The most expensive T-shirt I own

image

I didn’t buy this t-shirt nor did it come with a price tag affixed. But I know that it’s the most expensive piece of clothing I own.

I don’t treat it as such. I don’t handle it gingerly, afraid that it might tear at the seams or unravel at the edges. I don’t wash it irregularly so that its painted letters don’t quickly fade. In fact, I wear it often and with pride because, as I mentioned, it is the most valuable piece of clothing I own.

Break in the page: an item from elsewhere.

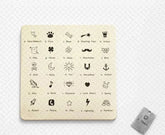 NeckCat™ - Collier personnalisé pour chat lecoledeschats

When I was a youth worker for the City of Boston, I served every day at a community center in a neighborhood I had never been to before, not even driven through once. I didn’t know anyone who lived there, in the patchwork of tidy triple-deckers and eateries that ranged from Salvadorean pupusa shops to Italian eateries to Chinese restaurants to Vietnamese pho houses. The neighborhood comprised effectively an island and most of the kids who grew up there knew one another. They confessed they didn’t bother skipping school because someone would see them on the corner and call their mother.

Most of the youth I worked with lived in a housing development complex. I had never visited a housing development, never walked through the block after block of unimaginatively designed structures and marveled at how there was no green space, how there were so many children living throughout the complex and yet there was no space for them to play that was not concrete.

So the kids came to the community center where I was based, where I did a job for which I received no training, in a place I wasn’t so much as even acquainted with, with a population of kids whose lives were unfathomably different than anything I had known. In my arrogance, I thought that I was the good thing that had come their way. A college graduate, a creative program person, a self-proclaimed lover of kids.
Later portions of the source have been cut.